UMAP | Jakob Hansen

There’s a new dimensionality reduction algorithm called UMAP. This would not necessarily be of any great note to me except that one of the authors has been talking up its roots in category theory and topology. A conference paper recently came out explaining the algorithm, which appears to work quite well (and quickly!). Unfortunately, it’s a little bit hard to parse. This is my attempt to dig out the core of the algorithm.

The main idea behind a number of dimensionality reduction methods is this: In order to find a low-dimensional representation of a data set, compute some local representation of the data and then attempt to find a low-dimensional point cloud that has a similar representation. We want the representation to be local for two reasons: (a) it makes it faster to compute and (b) it allows us to use stochastic gradient descent and similar algorithms to optimize. UMAP does exactly this, but the paper buries all this in discussions of fuzzy simplicial sets and pseudo-metric spaces. Here’s the simplest description I have of what the algorithm actually does.

Take your data points $\{X_1,\ldots,X_N\}$ , and for each point find its $k$ nearest neighbors. Let $\sigma_i$ be the diameter of the neighborhood of $X_i$ and let $\rho_i$ be the distance from $X_i$ to its nearest neighbor. Form a weighted graph from these points by doing the following. For points $X_j$ in the $k$ -nearest neighborhood of $X_i$ , define $w_i(X_i,X_j) = \exp(-(d(X_i,X_j)-\rho_i)/\sigma_i)$ . This is an asymmetric function on the data points; we symmetrize it by letting $w(X_i,X_j) = w_i(X_i,X_j) + w_j(X_j,X_i) - w_i(X_i,X_j)w_j(X_j,X_i)$ . We can treat these as weights on a graph that vary between 0 and 1.

Given two weights $w,w'$ on the data set, the cross entropy between them is

C(w,w') = \sum_{i \sim j} w(i,j)\log\left(\frac{w(i,j)}{w'(i,j)}\right) + (1-w(i,j))\log \left(\frac{1-w(i,j)}{1-w'(i,j)}\right).

We let $w$ be the weights computed from our data set and $w'$ the weights computed from our low-dimensional embedding. The cross entropy is a sum of uncoupled terms, one for each edge, which means we can apply stochastic gradient descent by choosing a single term to approximate the gradient at each step. Further, the weights $w'(i,j)$ depend only on the points in the neighborhoods of $X_i$ and $X_j$ , i.e., at most $2k-1$ points, so their derivatives are not difficult to compute. In particular, the difficulty does not grow as the number of points grows.

And that’s the entirety of the algorithm.
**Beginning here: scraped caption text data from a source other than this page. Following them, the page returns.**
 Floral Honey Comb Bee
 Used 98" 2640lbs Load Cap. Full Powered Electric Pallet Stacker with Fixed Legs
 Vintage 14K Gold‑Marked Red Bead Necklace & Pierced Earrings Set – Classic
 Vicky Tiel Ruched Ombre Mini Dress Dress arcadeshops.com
The inspiration here comes from a pair of adjoint functors between the category of finite metric spaces and the category of fuzzy simplicial sets (really, just simplicial sets filtered over the interval $(0,1]$ ). This comes from a construction by David Spivak giving a metrized version of the singular set functor on topological spaces. The fuzzy singular set functor (for finite metric spaces) is essentially a scaled (and reversed) version of the Vietoris-Rips filtration: it can be specified completely by a filtration on the 1-skeleton. What UMAP does is construct a local metric space approximation in a neighborhood of each point, scaling things so that the $k$ -nearest neighborhood of each point has radius 1. It then sends this metric space through the fuzzy singular set functor in such a way that the edge between $X_i$ and its nearest neighbor is in the fuzzy set with weight 1. This gives us our local edge weights. We can take a union of all of these fuzzy singular sets by just taking a union of the fuzzy edge sets. This is the symmetrization step. This is complicated by the fact that there are many possible notions of unions and intersections of fuzzy sets. The one McInnes and Healy chose is the one given by the product t-norm.
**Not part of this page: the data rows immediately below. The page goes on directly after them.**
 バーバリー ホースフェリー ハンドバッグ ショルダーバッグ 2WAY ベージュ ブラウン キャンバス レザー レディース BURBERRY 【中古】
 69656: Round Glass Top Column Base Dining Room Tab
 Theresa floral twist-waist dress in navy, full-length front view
UMAP is fast and seems to give good results (at least as good as t-SNE, which is state of the art). It’s not clear to me why the algorithm works so well; pretty much every dimensionality reduction algorithm has a plausible-sounding story, which makes it hard to know which ones are going to actually be useful.
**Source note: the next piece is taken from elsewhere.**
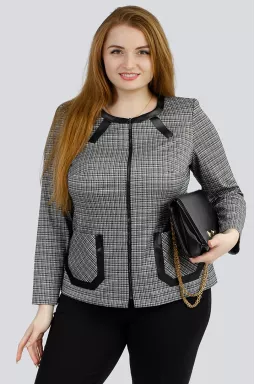 Стильный пиджак в клетку в разных цветах супер батал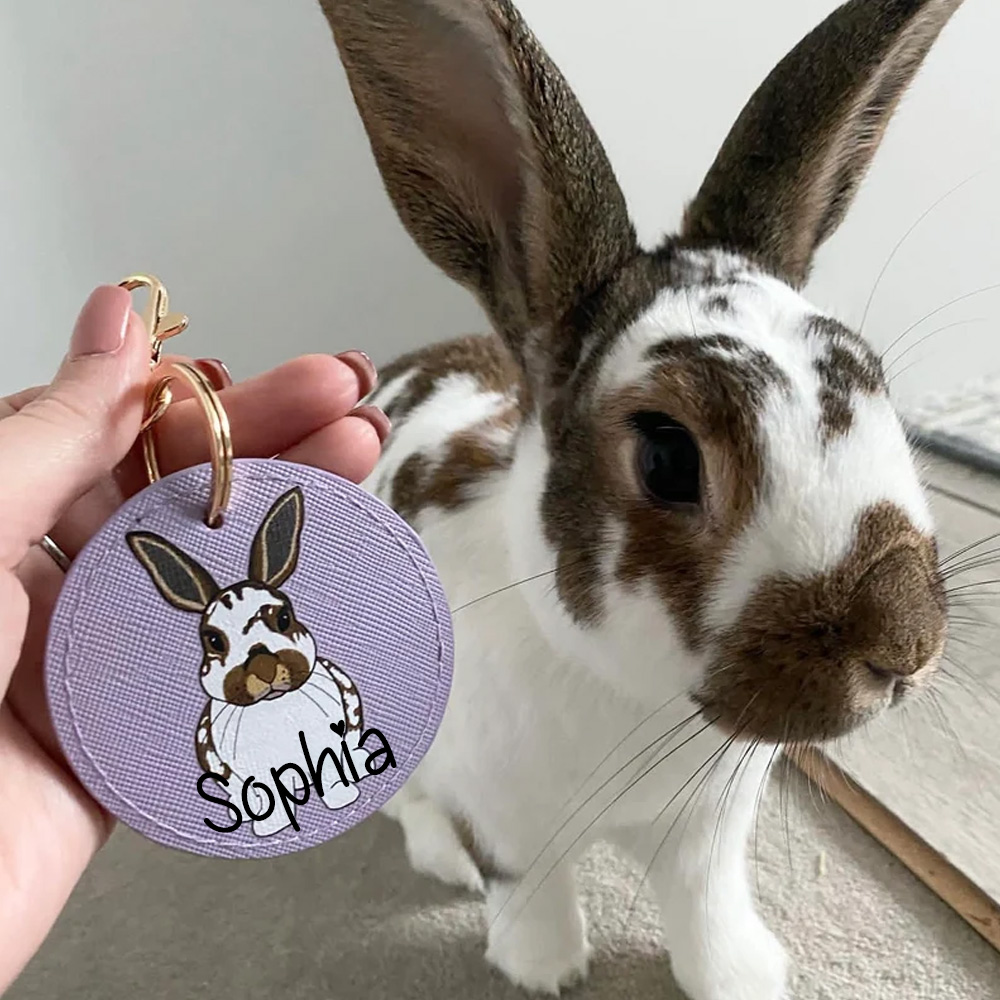 Personalized Bunny/Hamster Lover Keyring with Your Rabbit on, Rabbit Mum Birthday Gift for Her, Pet Keyring, Bunny/Hamster Lover Gift, Daughter Gift, Easter Gift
That said, the underlying idea behind these dimensionality reduction methods feels very sheaf-like, and amenable to all sorts of more topological variations. For instance, rather than using a fuzzy set union, one could build a cellular sheaf out of these local Vietoris-Rips filtrations and try to match that with a low-dimensional point cloud. I’m reminded of Vidit Nanda’s work on local cohomology and stratification of simplicial complexes. Can we preserve information about singularities in our low-dimensional embeddings? It seems to me that this approach might be a way to make topological data analysis scale: it’s purely local and hence the problem size does not grow exponentially in the size of the data set like persistent homology can.